--- AIM OF THE TASK ---
What needs reproducing is the run of lines in the data below starting at the line with "302 Humffray Street South" and ending at the line with "Hotel Regina San", both ends included. Copy it exactly, without pictures, and add nothing.

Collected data

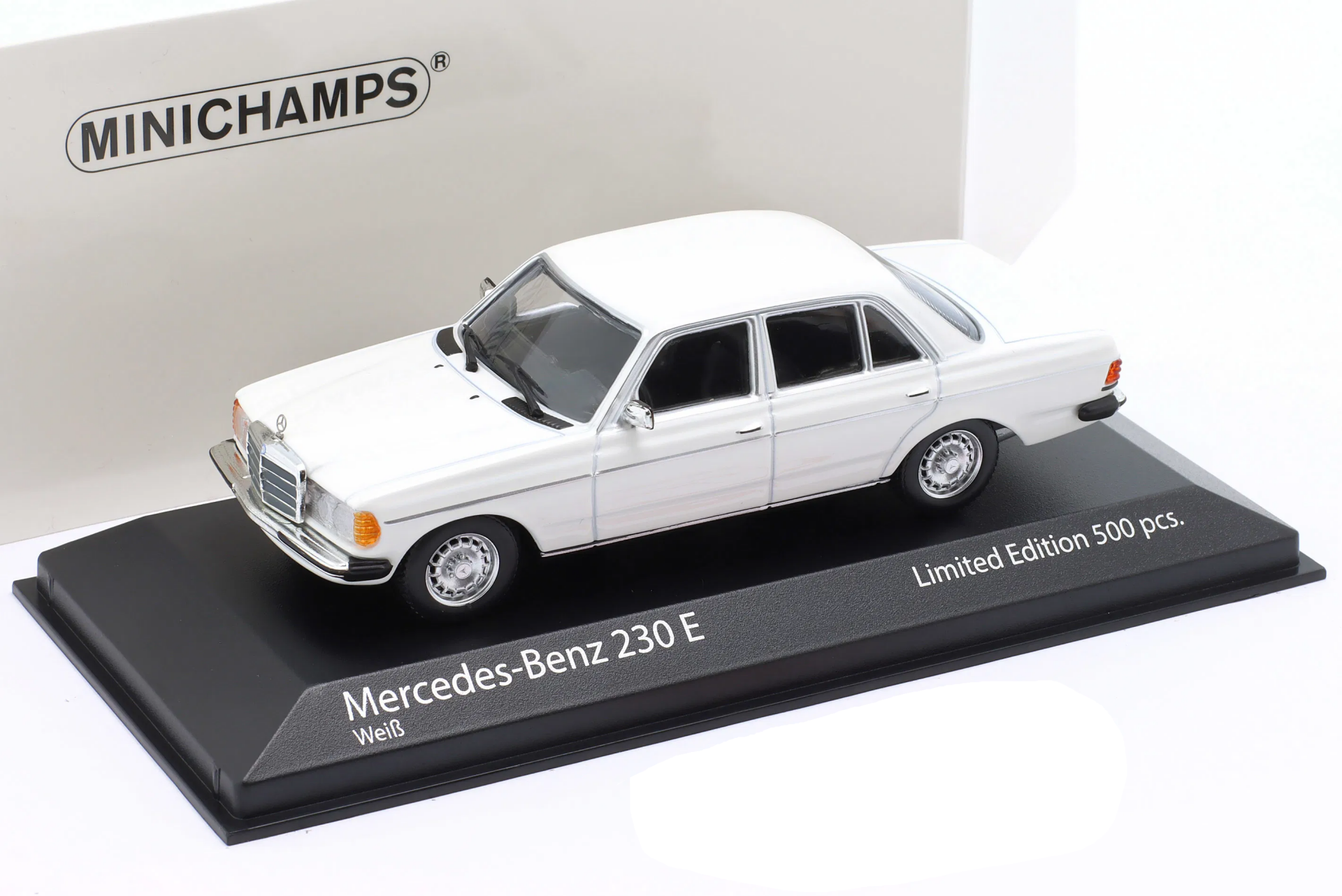 1/43 MINICHAMPS - MERCEDES BENZ - E-CLASS 230E (W123) 1982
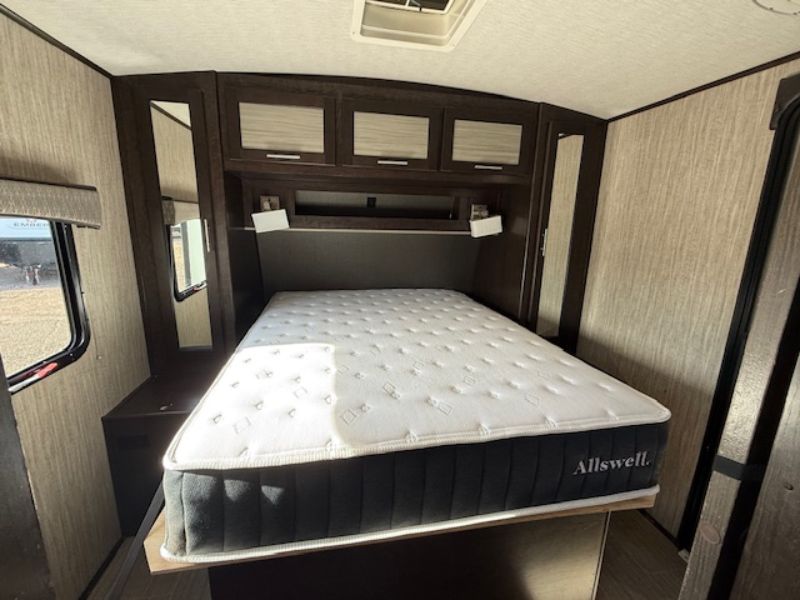 2019 Cruiser RV Fun Finder Xtreme Lite 25RS - Image 11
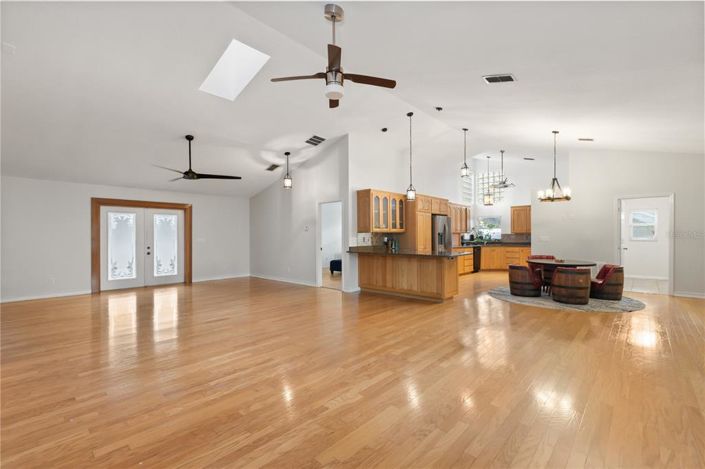 Image No.3-4 Bed House for sale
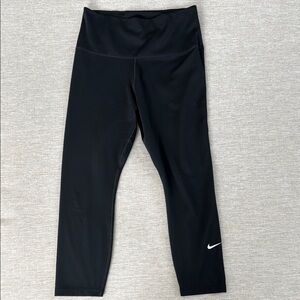 Nike Black Cropped Leggings for Athletic Performance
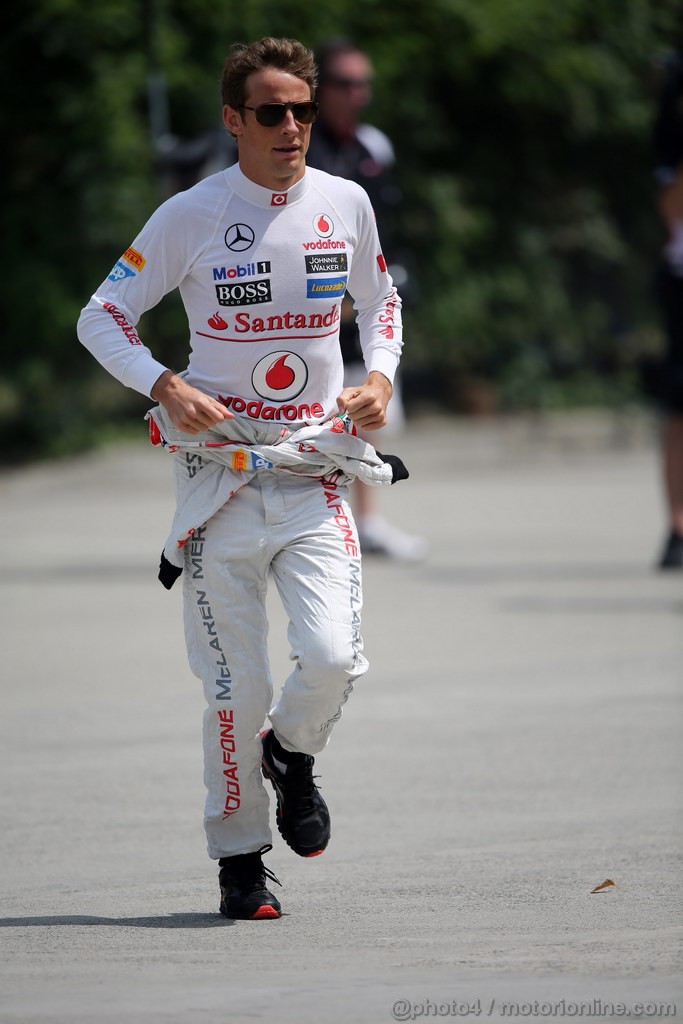 GP CINA, 13.04.2013- Prove Libere 3, Jenson Button (GBR) McLaren Mercedes MP4-28 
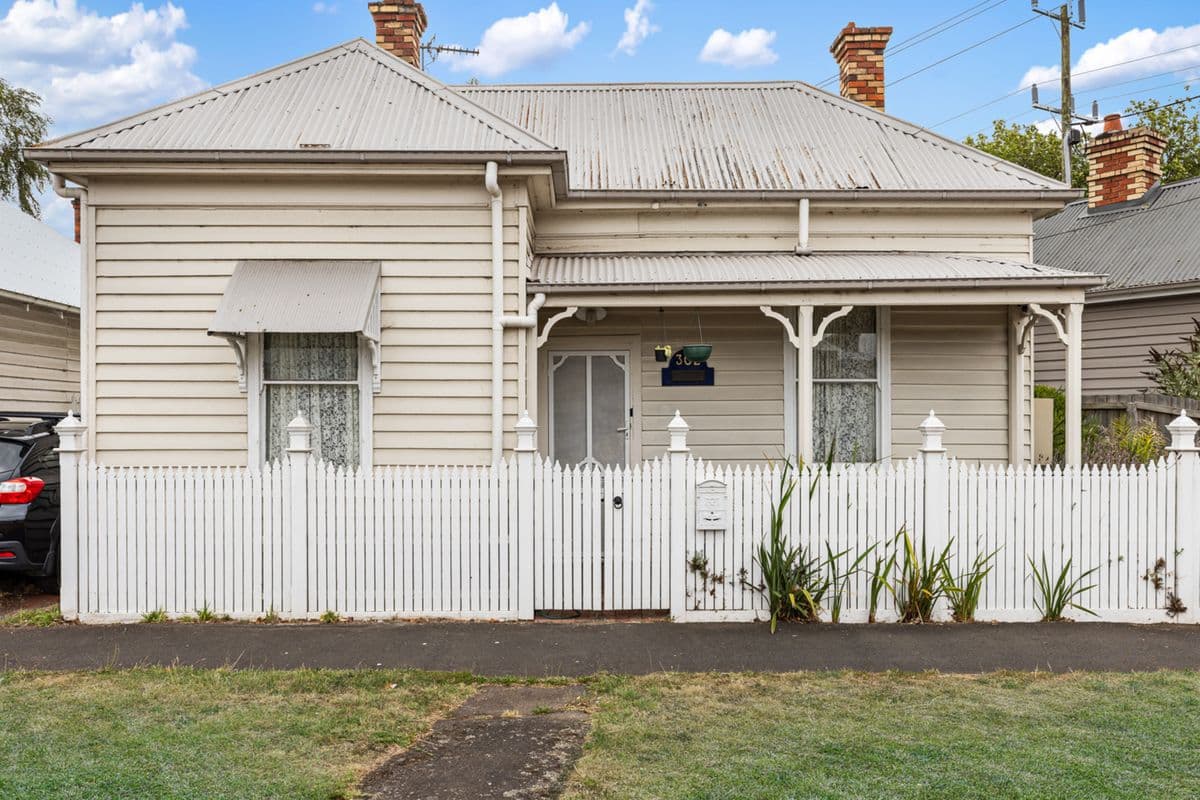 302 Humffray Street South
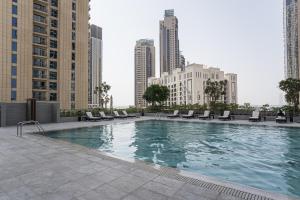HiGuests - Artistic Apt with Balcony Overlooking Dubai Canal内部或周边的泳池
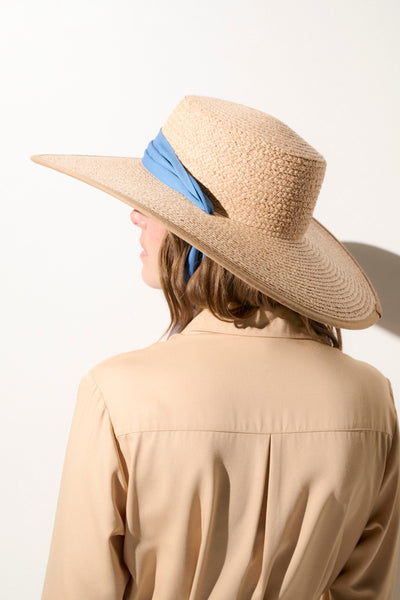 Chapeau anti-UV beige avec ruban bleu pour femme, élégant et idéal pour une journée ensoleillée, UPF 50+.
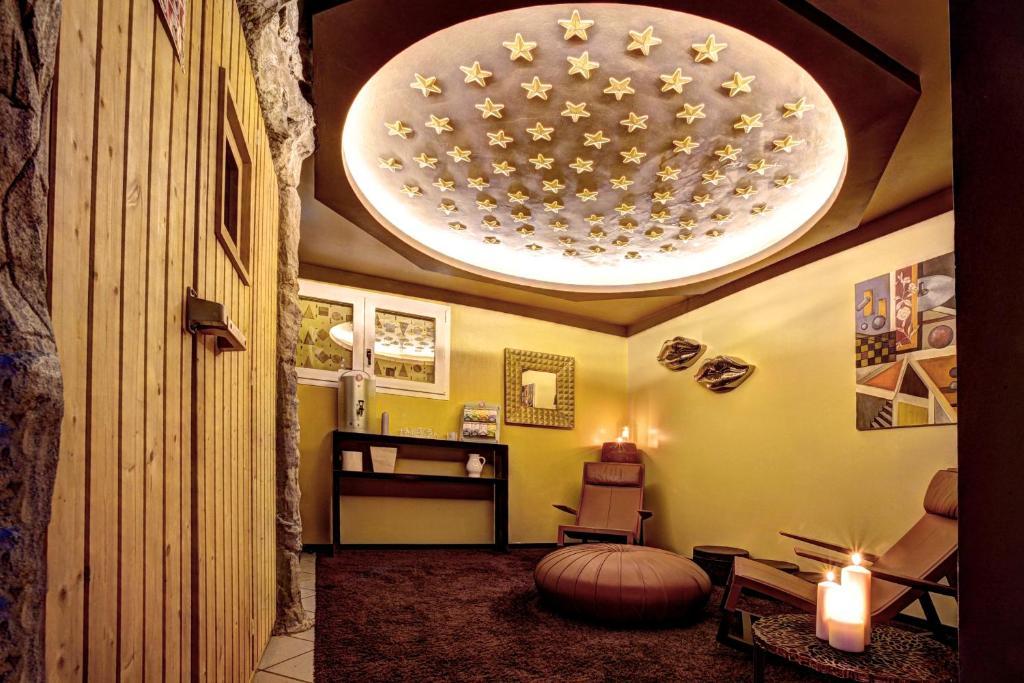 Hotel Regina San Martino Di Castrozza Esterno foto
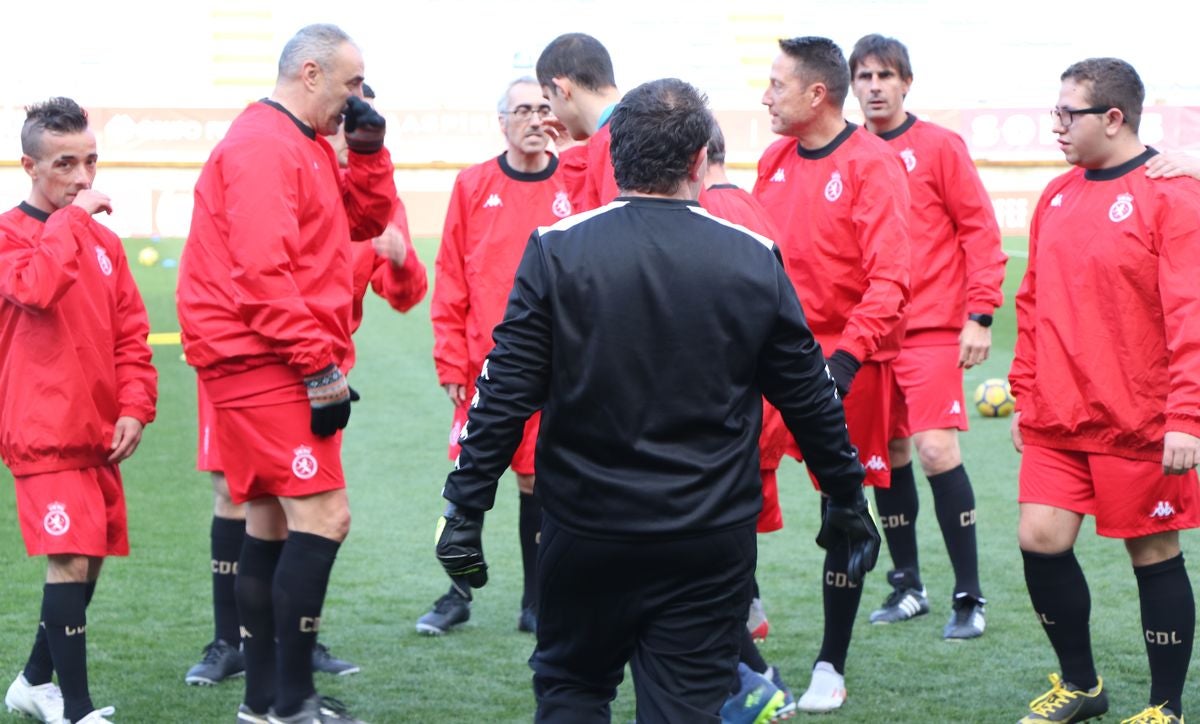 La Cultural organiza el último entrenamiento de su equipo inclusivo, con exjugadores y usuarios de Asprona León, para el torneo '+ Que Goles' que se disputará el domingo en Burgos.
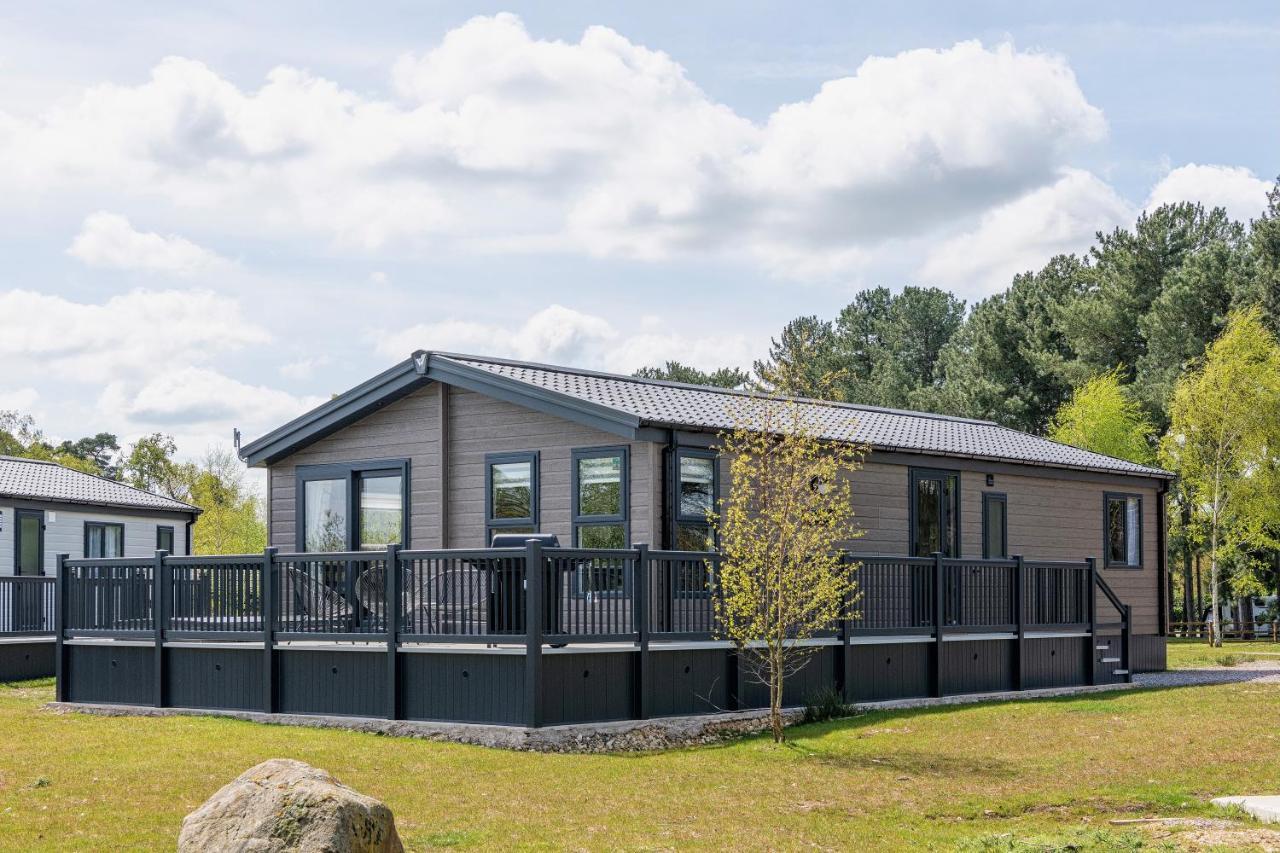 Ella Lodge — 4-Star Luxury Hotel in Woodhall Spa, United Kingdom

--- YOUR RESPONSE ---
 302 Humffray Street South
HiGuests - Artistic Apt with Balcony Overlooking Dubai Canal内部或周边的泳池
 Chapeau anti-UV beige avec ruban bleu pour femme, élégant et idéal pour une journée ensoleillée, UPF 50+.
 Hotel Regina San Martino Di Castrozza Esterno foto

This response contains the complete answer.